4 Ms Loh's disappearance was reported to police by her flatmate on 13 December 2001. Tran was arrested at Sydney International Airport, about to board a flight for Vietnam, on 19 February 2002. Pursuant to the provisions of Part 10A of the Crimes Act 1900, the offender was arrested for the purposes of the investigation. On the same day he assisted investigating police in an inspection of the house where Ms Loh had died. At 1.50 a.m. the following morning he participated in an electronically recorded interview in which he made full admissions. He directed police to the area where he said the body had been dumped and it was located shortly afterwards. The body was significantly decomposed. As a result of the decomposition, on post mortem examination, no cause of death could be ascertained. At the conclusion of the interview the offender was charged with the present offence.
5 The offender has been in custody since the date of his initial arrest, 19 February 2002. He has remained in prison since 20 February 2002.
6 By s349 of the Crimes Act 1900, the maximum sentence applicable to the crime of being an accessory after the fact of murder is imprisonment for twenty five years.
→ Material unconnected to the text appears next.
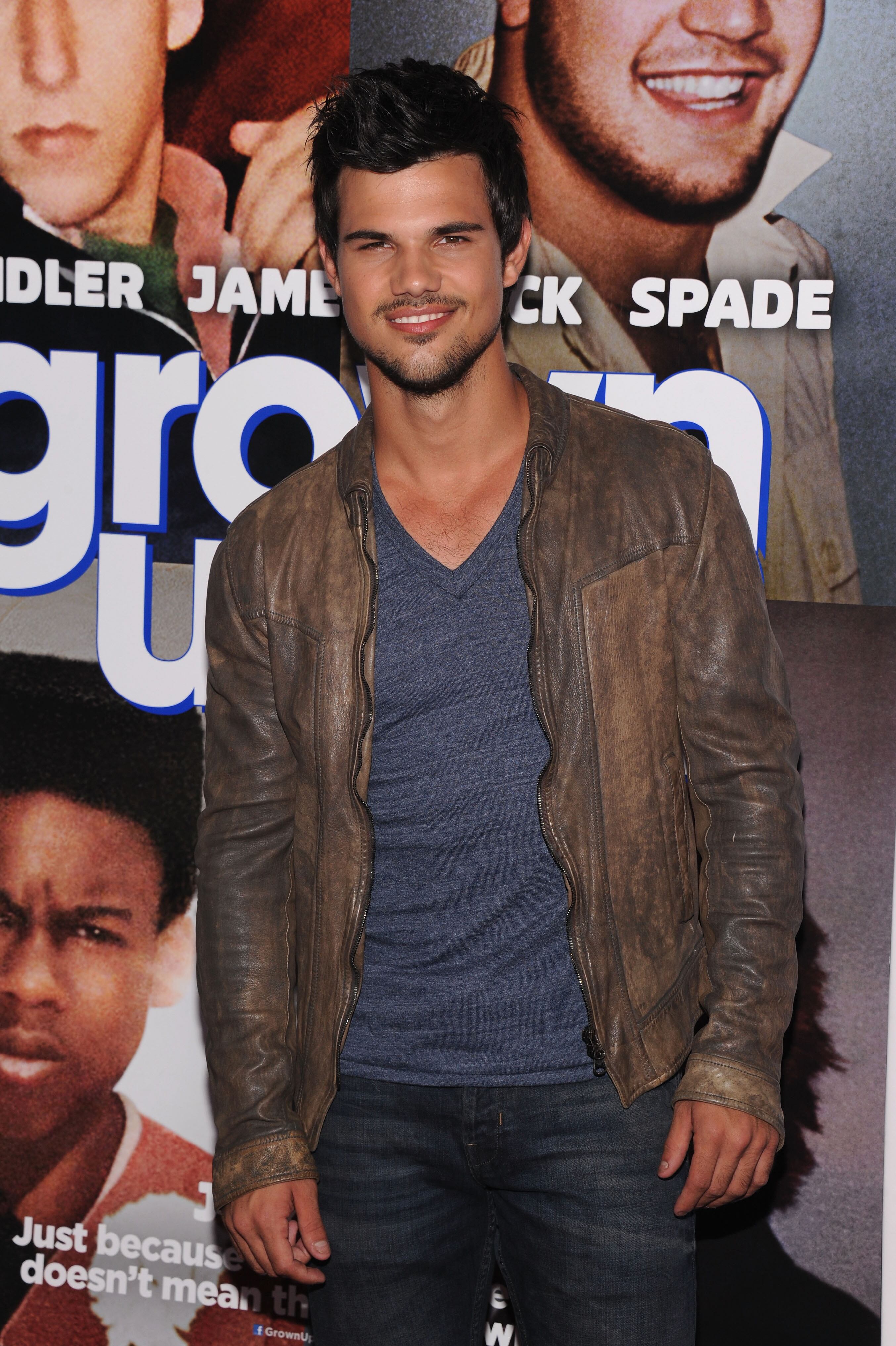 Taylor Lautner faturou no último ano o mesmo que Kristen, sua ex-companheira de Crepúsculo. O galã embolsou "apenas" R$ 48 milhões. Taylor também ganha poder por representar uma aposta da nova geração de atores de filmes de ação. Ele é também o único ator jovem a figurar na lista de teens mais ricos do mundo no ano passado. Poderoso!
7 The offender gave evidence in the sentencing proceedings. He has no prior convictions of any kind. He was born in Vietnam on 9 March 1979 and was therefore 22 years of age at the time of the offence, 23 years of age now. I accept that his relative youth is a consideration, but I do not accept that he was so young as not to be expected to appreciate the dimensions of the crime he was asked to, and did, commit. Certainly, it does not excuse his almost three-month silence following the offence. His upbringing in Vietnam was, generally speaking, uneventful, although, in a psychological report, it was suggested that his father was a harsh disciplinarian, and that, accordingly, he had been subjected to a history of "paternal childhood abuse". It seems to me that this characterisation rather overstates what was acknowledged, in the report, to be traditional disciplinary methods of the culture and the time. The offender did well at school and in June 1999 came to Australia to study information technology. He has had some employment in Australia. He has two brothers in Australia, both older, with whom he shared accommodation from time to time, in different locations. One of his brothers was friendly with Tran, and the offender also became friendly with Tran. Indeed, he said that Tran became one of his close friends. He met the victim of the offence about three years ago as a friend of Tran's.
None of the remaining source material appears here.